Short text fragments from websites
Content starts

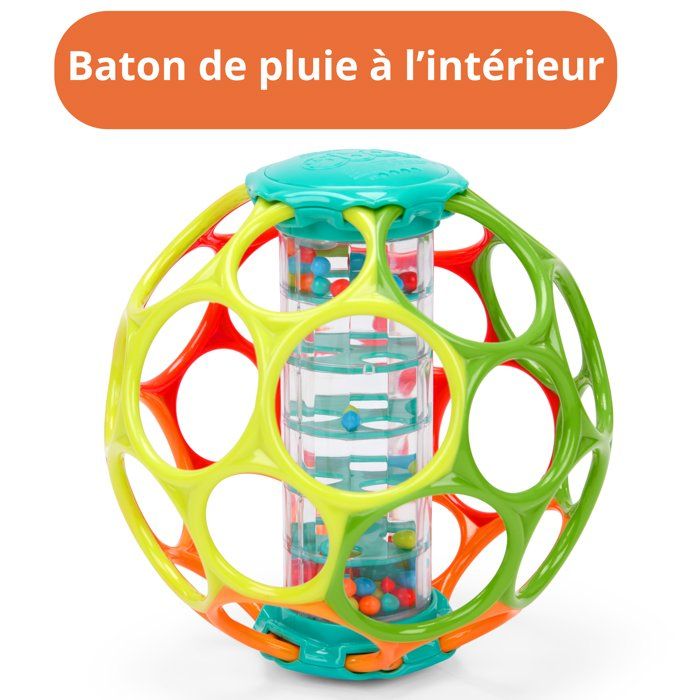 BRIGHT STARS Oball Easy-Grip Rain Stick BPA-Free Infant Toy, Red, Yellow, Green & Blue, for Newborns
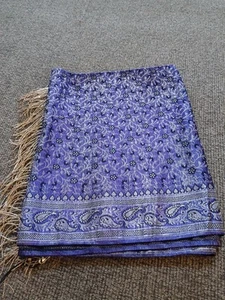 Nalli Purple Silver Pure Satin Silk saree Banarasi Brocade Indian Sari - Picture 1 of 11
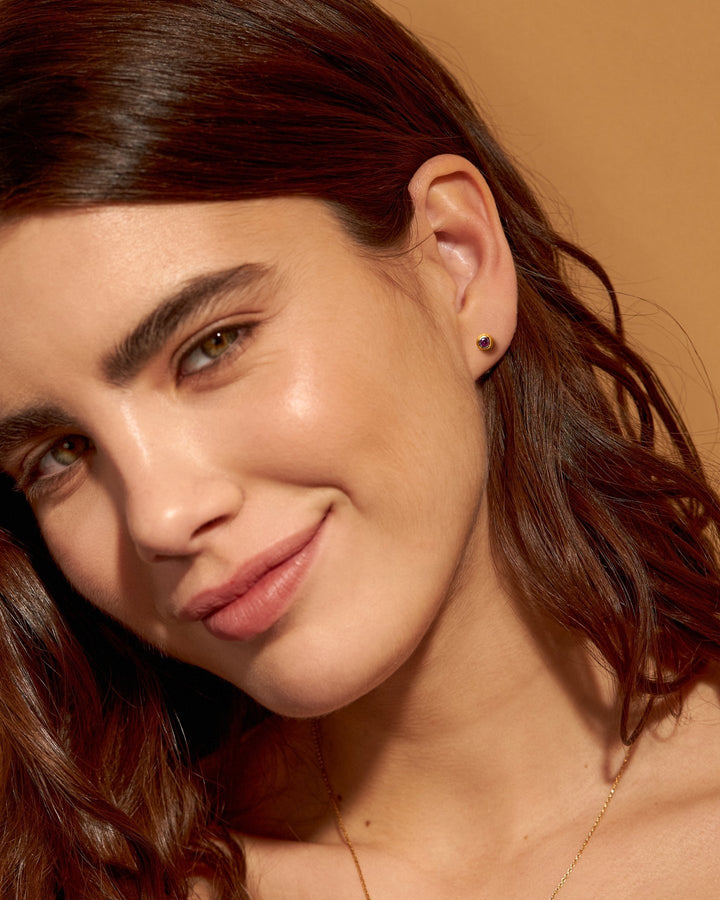 Emma 24K Gold - Plated Studs – Sterling Silver - Yellow Topaz Zircon24k gold plated earringsdainty gold studsLunai Jewelry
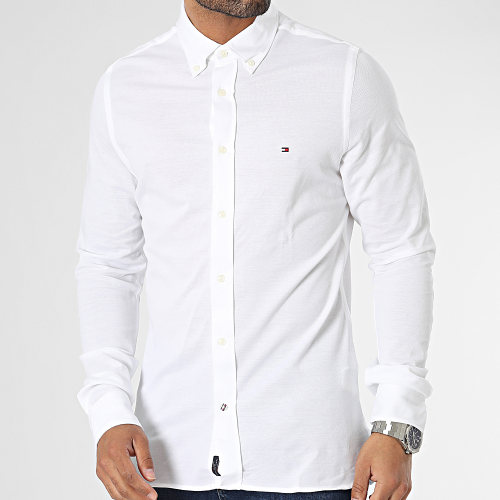 Chemise Manches Longues 1985 Knitted 0675 Blanc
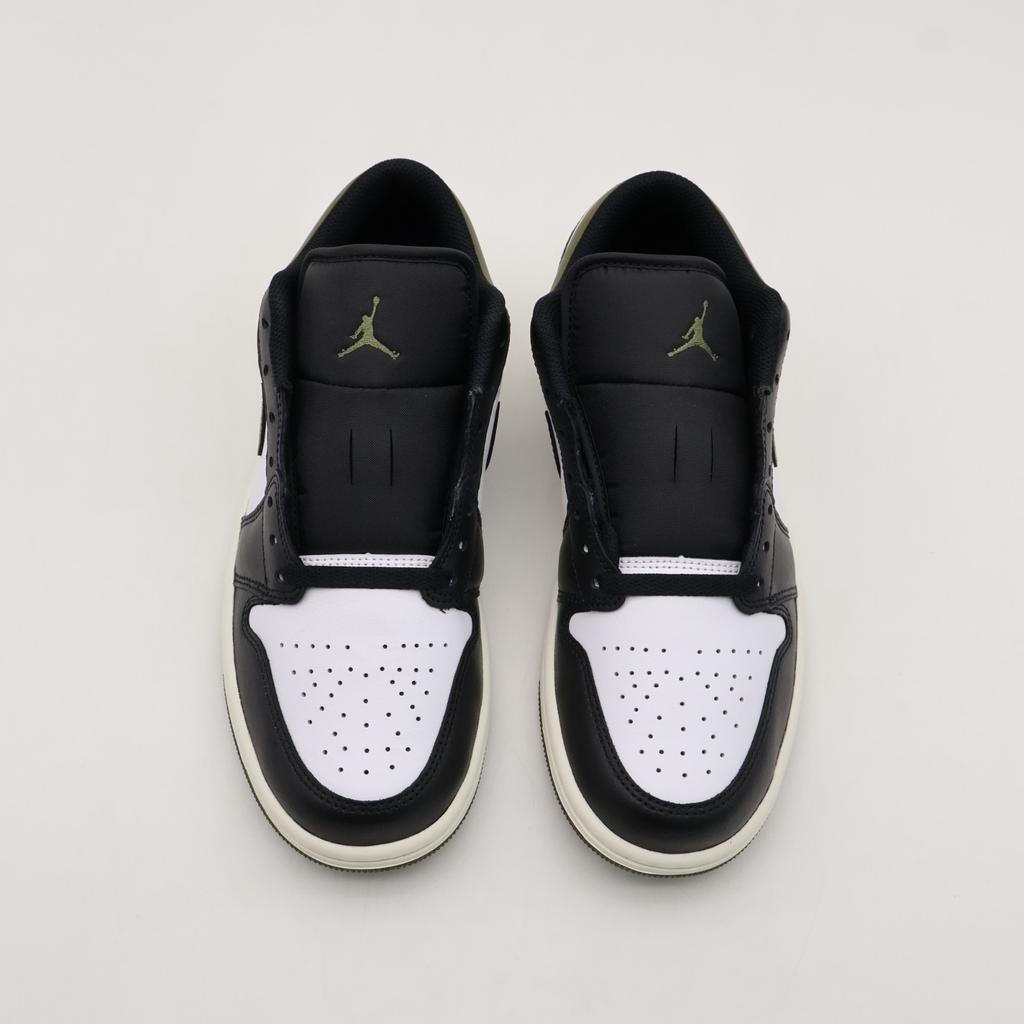 553558-092 Nike Air Jordan 1 Low Black Medium Olive White (Men's)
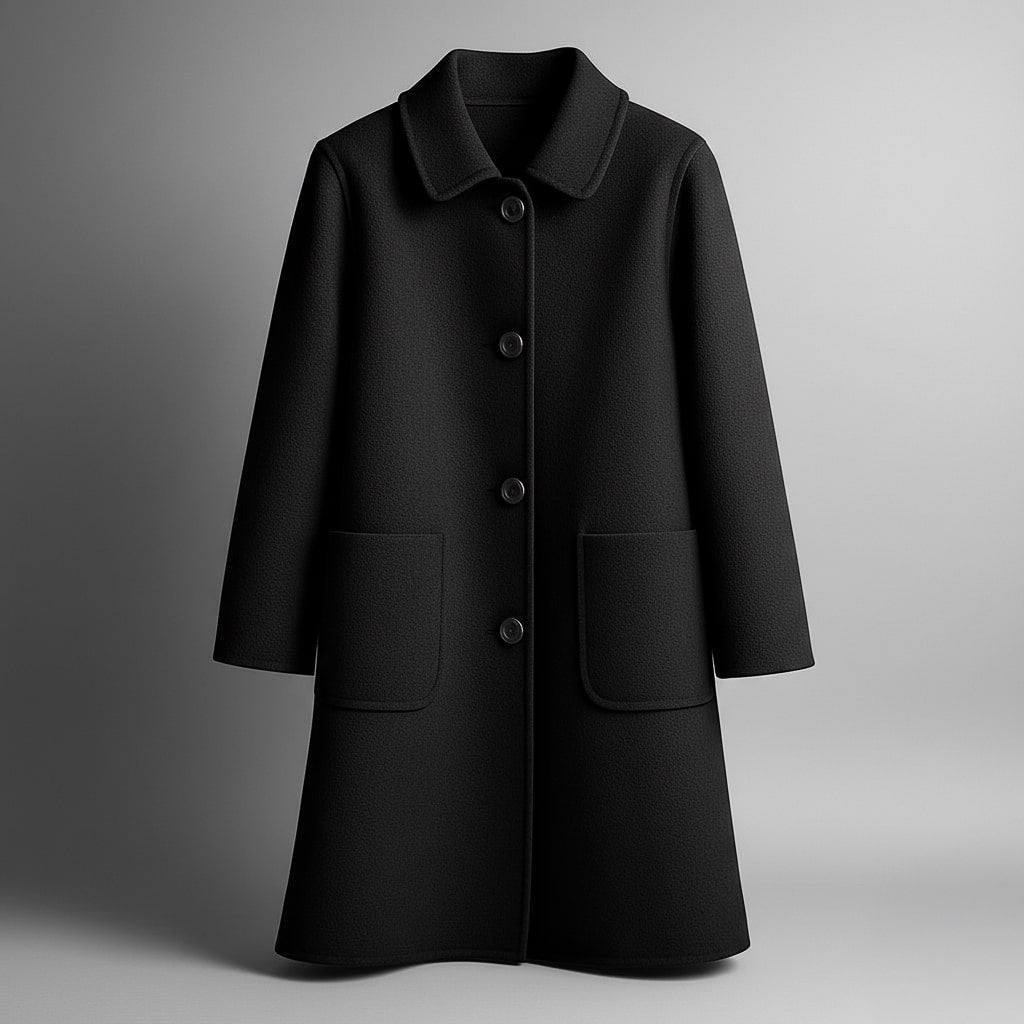 Women's Button-Front Coat with Pointed Collar and Patch Pockets - Straight Cut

Content ends

**Work order:** Restate word for word the lines running from the one with "553558-092 Nike Air" to the end of the entries; pictures are to be left out.

**Exercise answer:**
 553558-092 Nike Air Jordan 1 Low Black Medium Olive White (Men's)
 Women's Button-Front Coat with Pointed Collar and Patch Pockets - Straight Cut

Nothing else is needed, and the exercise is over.